As to his philosophy of staff development, he says that he is a believer in being hands-on. “I am not a believer in putting a poster on a wall and saying, there you go, that’s how you do it.” He works hard to ensure that people fully understand what it is that is being asked of him.

“I try to encourage the approach that the only stupid question is the one that you don’t ask.”

It is equally important to give people the right people to do the job. Taking such an approach assists in the longevity of staff staying with an employer.

“If the staff are happy and motivated, the guests can tell. Guests do not want to be in an environment where the staff do not look happy.

So it is very important for me that we accomplish this.”

He adds that this is one of the good things about working in a country where English is not the first language, because it creates a test of training and managerial skills.

“I’ve had to adapt. I told my managers to give me feedback. I told them that I was not perfect. And when I first came, local people told me I was speaking too quickly. I have a  north-west, Manchester accent, and I was asked, ‘Darren, can you slow down a bit?’ That was great, and I now I have slowed down, do two or three sentences, ask if people understand me, and if their English is not that great, I use an interpreter. That has been a real learning experience. It’s been great.”

So far, he has not had time to begin learning Bulgarian. “It is very important to embrace the local culture. I make a point of trying to go to Bulgarian restaurants, I don’t tend to hang out at the expat places, I don’t want to get caught up in that bubble, I want to experience Bulgaria for what it is. I speak to a lot of Bulgarians a lot of the time. Eventually I would like to pick up the language. I did a lot of travelling as a child. My father was in the forces, so I lived in Singapore, in Germany. But I never really learnt German, because I was enclosed in an English environment. That is a regret. I want to make sure that I do not do that in Bulgaria.”
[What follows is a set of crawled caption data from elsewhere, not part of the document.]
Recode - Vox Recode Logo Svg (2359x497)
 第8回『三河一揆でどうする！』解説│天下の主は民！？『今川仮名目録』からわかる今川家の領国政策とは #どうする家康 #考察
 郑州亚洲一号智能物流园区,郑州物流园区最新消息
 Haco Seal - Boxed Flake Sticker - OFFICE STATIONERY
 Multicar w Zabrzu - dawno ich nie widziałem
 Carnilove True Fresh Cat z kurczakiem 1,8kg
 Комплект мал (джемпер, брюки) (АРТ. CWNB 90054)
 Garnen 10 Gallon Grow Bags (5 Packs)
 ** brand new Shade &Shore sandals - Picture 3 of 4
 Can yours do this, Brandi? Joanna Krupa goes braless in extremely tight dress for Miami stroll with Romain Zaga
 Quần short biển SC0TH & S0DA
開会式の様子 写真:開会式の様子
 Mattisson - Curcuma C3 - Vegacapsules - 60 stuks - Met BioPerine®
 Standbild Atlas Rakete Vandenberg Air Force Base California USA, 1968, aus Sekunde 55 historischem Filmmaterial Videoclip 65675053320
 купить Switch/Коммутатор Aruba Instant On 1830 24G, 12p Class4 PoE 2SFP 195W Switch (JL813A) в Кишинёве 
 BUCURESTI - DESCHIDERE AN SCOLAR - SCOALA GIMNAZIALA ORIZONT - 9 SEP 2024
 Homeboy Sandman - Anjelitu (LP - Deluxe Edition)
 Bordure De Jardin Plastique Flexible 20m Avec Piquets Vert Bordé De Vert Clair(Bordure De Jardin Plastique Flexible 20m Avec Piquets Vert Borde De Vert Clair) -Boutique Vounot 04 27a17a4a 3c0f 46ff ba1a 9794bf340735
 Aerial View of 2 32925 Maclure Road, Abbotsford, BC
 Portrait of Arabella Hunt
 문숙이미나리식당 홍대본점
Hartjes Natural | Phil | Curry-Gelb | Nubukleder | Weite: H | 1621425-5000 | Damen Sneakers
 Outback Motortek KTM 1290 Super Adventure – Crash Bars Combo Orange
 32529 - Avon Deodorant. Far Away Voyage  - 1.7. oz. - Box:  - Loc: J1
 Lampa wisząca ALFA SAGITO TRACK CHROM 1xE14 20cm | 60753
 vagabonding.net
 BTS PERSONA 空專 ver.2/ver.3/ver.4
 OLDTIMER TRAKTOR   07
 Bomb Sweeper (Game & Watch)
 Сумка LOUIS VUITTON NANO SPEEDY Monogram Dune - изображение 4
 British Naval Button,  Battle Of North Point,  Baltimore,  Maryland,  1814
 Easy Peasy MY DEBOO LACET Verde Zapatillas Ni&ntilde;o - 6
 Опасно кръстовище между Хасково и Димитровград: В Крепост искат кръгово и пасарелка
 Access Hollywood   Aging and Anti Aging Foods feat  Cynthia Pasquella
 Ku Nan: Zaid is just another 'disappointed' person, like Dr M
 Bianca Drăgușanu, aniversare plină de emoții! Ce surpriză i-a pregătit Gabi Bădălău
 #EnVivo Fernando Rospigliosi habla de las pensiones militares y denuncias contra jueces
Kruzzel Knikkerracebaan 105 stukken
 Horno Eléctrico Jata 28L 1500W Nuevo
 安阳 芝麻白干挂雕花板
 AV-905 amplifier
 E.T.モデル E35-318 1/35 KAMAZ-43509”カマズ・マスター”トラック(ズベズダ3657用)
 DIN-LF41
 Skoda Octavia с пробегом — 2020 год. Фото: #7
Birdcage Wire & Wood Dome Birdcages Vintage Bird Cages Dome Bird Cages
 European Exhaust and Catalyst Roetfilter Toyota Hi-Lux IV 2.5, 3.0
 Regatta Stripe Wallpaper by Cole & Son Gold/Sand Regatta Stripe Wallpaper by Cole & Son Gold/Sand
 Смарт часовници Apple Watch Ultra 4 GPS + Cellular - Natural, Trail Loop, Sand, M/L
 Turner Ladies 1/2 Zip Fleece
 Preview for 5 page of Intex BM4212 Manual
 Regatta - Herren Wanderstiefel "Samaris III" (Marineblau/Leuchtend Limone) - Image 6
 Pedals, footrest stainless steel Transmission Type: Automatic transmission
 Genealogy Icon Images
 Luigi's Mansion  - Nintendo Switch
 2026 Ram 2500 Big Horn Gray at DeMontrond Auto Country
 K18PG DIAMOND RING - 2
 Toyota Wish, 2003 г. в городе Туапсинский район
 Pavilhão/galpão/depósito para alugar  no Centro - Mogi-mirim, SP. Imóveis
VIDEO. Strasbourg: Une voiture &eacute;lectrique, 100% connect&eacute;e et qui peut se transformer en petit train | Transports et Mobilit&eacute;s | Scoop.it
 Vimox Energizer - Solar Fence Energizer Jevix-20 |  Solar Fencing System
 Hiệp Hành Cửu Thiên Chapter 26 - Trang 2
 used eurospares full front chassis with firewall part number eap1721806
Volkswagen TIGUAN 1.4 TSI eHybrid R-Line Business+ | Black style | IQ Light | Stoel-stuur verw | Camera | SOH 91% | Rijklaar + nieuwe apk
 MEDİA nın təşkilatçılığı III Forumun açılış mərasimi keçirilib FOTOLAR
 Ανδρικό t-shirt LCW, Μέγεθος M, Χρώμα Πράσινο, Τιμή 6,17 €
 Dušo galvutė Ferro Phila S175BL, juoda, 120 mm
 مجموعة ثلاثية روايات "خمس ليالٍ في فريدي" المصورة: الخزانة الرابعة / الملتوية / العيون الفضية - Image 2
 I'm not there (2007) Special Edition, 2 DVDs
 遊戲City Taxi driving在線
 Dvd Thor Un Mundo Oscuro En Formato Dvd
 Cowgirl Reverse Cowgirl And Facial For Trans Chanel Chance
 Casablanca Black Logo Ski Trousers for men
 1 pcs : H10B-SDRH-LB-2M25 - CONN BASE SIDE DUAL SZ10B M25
Asked about his career ambitions, he says: “I would like to do at least two years. Beyond that, I don’t know. I love Sofia, I love the hotel, so it could be two years, it could be five. It depends on my personal circumstances, there are a lot of things I would have to take into consideration. But at least two years. I would like to continue my international career, I would like to stay with a global brand. As to where I go next, I honestly don’t know. I enjoy Bulgaria, but I am not counting out anywhere else in Eastern Europe. Also, I am getting to a stage now where I would like to settle down, get married. I have a big job to do here, to make this hotel successful, so it is not a question that I am going to think about for another 18 months, two years.”